+++ SUPPLIED MATERIAL +++

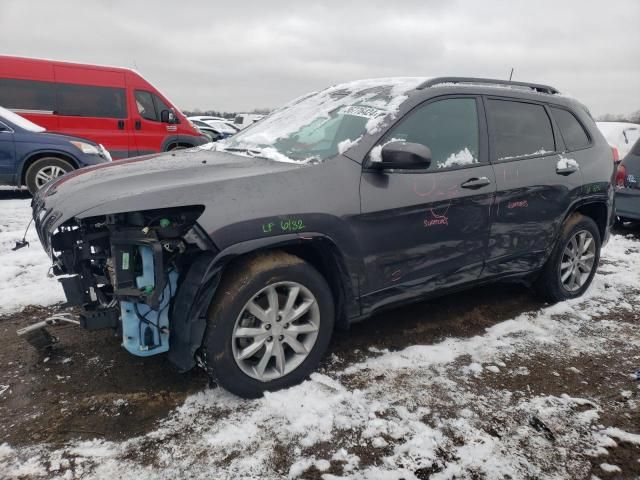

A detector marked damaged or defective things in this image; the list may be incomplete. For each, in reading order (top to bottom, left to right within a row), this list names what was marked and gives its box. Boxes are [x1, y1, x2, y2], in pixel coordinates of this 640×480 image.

crumpled hood [35, 148, 304, 223]
damaged jeep cherokee [30, 78, 616, 398]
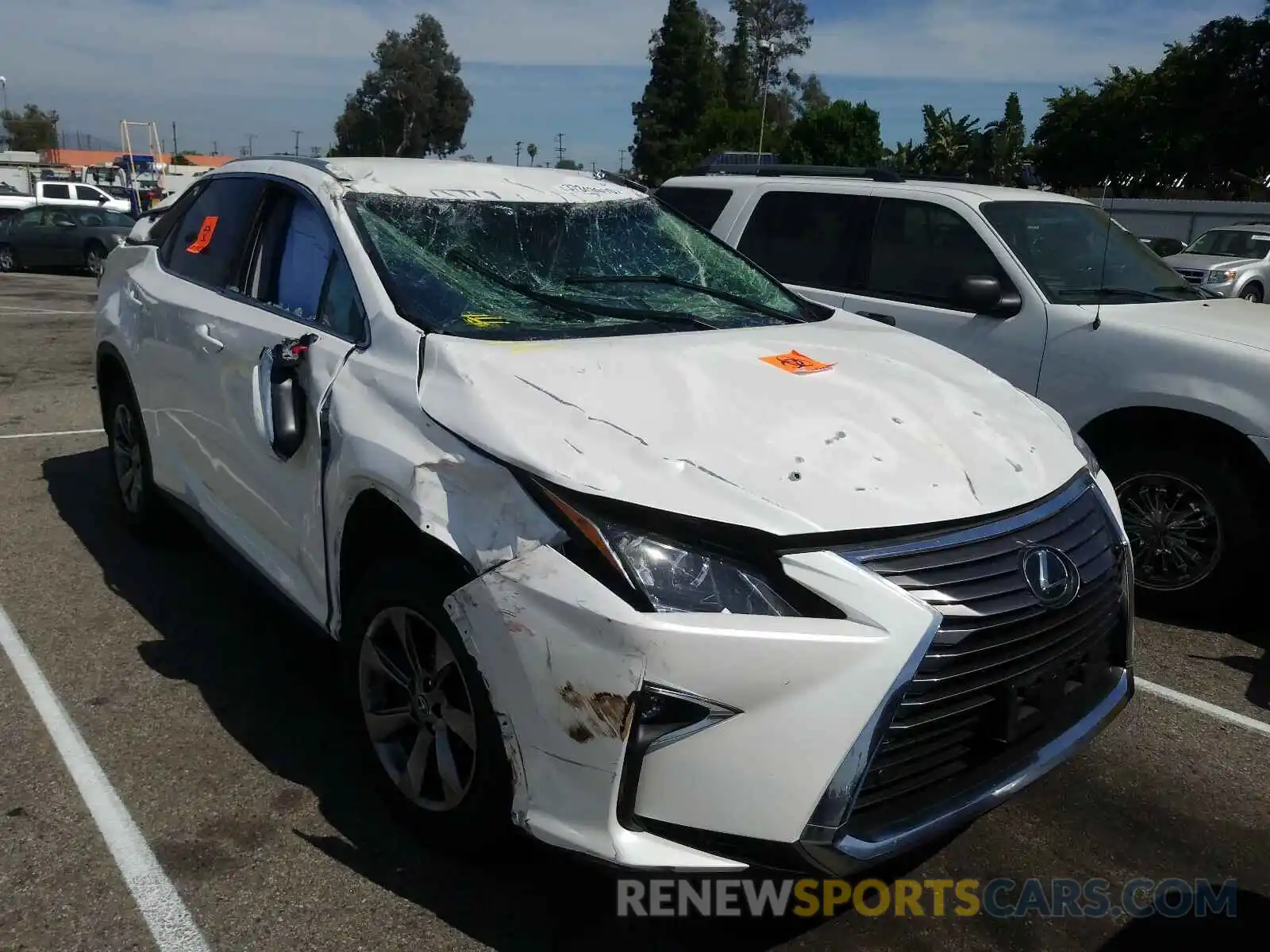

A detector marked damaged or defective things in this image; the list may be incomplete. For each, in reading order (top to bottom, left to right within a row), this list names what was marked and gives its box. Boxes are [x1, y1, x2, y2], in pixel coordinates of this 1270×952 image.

shattered windshield [345, 191, 813, 340]
cracked glass windshield [352, 191, 818, 340]
shattered windshield [975, 202, 1203, 305]
cracked glass windshield [980, 202, 1199, 305]
crumpled hood [1163, 251, 1264, 270]
shattered windshield [1178, 228, 1270, 259]
crumpled hood [414, 314, 1082, 533]
white damaged lexus suv [96, 159, 1133, 878]
damaged front bumper [439, 474, 1133, 878]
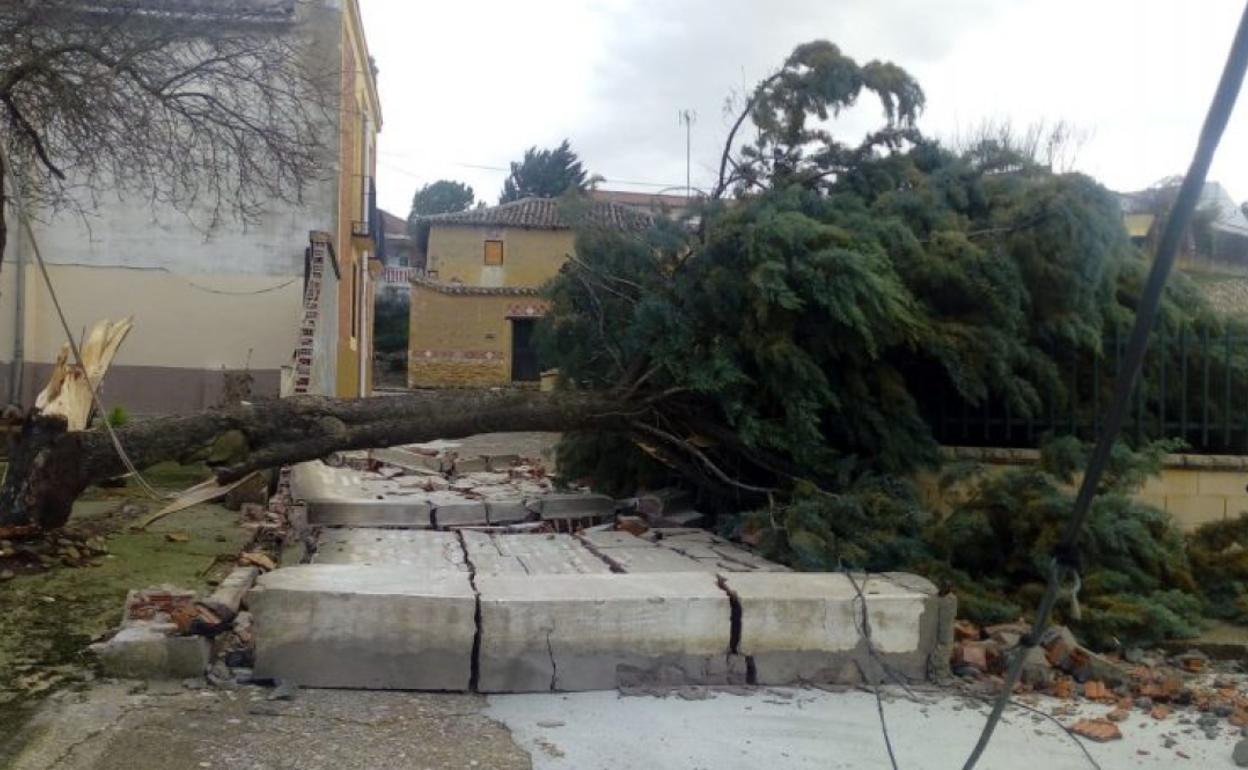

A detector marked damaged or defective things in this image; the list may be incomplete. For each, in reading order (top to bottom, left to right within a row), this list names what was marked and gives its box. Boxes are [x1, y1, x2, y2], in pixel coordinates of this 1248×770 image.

cracked concrete block [429, 499, 486, 529]
cracked concrete block [484, 499, 529, 521]
cracked concrete block [526, 496, 619, 519]
cracked concrete block [90, 618, 209, 678]
cracked concrete block [250, 561, 474, 688]
cracked concrete block [474, 571, 728, 688]
cracked concrete block [728, 571, 938, 683]
broken brick [1068, 718, 1128, 743]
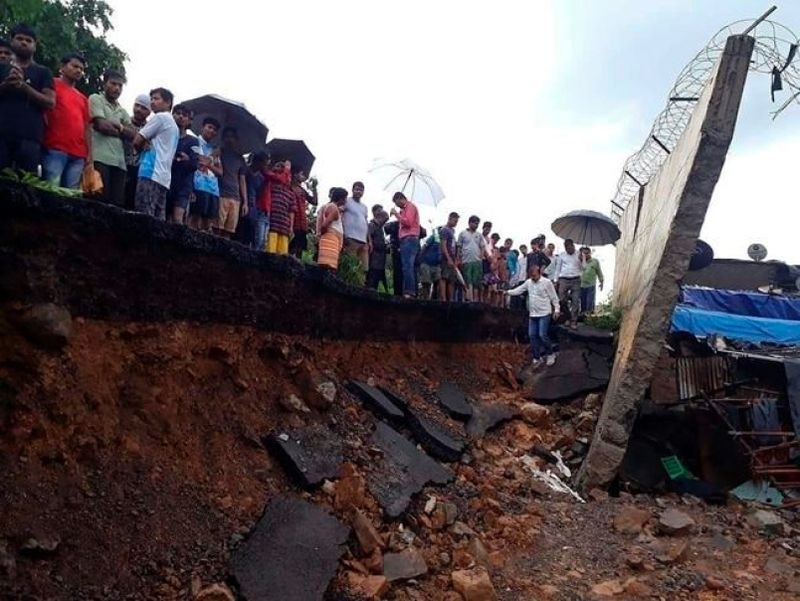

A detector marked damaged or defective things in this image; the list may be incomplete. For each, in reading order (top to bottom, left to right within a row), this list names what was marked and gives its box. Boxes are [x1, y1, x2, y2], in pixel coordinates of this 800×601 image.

broken asphalt slab [520, 350, 608, 400]
broken asphalt slab [346, 382, 404, 420]
broken asphalt slab [438, 382, 476, 420]
broken asphalt slab [466, 400, 520, 438]
broken asphalt slab [266, 422, 344, 488]
broken asphalt slab [366, 422, 454, 516]
broken asphalt slab [228, 494, 346, 600]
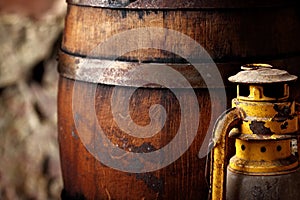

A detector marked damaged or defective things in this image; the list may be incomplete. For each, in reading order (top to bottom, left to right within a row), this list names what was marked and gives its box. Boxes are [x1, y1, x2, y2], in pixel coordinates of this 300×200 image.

rusted metal band [57, 50, 229, 88]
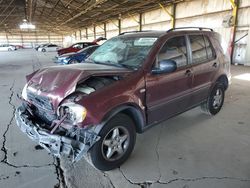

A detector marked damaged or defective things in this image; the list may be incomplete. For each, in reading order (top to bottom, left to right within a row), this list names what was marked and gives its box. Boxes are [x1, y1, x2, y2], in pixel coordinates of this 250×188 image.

crumpled hood [26, 62, 133, 110]
damaged front bumper [14, 106, 100, 162]
broken headlight [57, 103, 87, 125]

+++

_TASK BRIEF_
Each line from the one containing "this 300×200 image." through the last line above should be retyped exactly, and no other line. Any picture is to be left out.

_ANSWER TO THIS TASK_
A detector marked damaged or defective things in this image; the list may be incomplete. For each, in reading order (top to bottom, left to right within a row), this list names what was marked and gives its box. Boxes are [x1, y1, x2, y2], in pixel coordinates of this 300×200 image.

rusted metal band [57, 50, 229, 88]

A detector marked damaged or defective things in this image; the list may be incomplete. For each, in reading order (top to bottom, left to right within a row), this list names what was marked and gives its box. Boxes are [x1, y1, x2, y2], in pixel coordinates of this 250×188 image.

crumpled hood [26, 62, 133, 110]
damaged front bumper [14, 106, 100, 162]
broken headlight [57, 103, 87, 125]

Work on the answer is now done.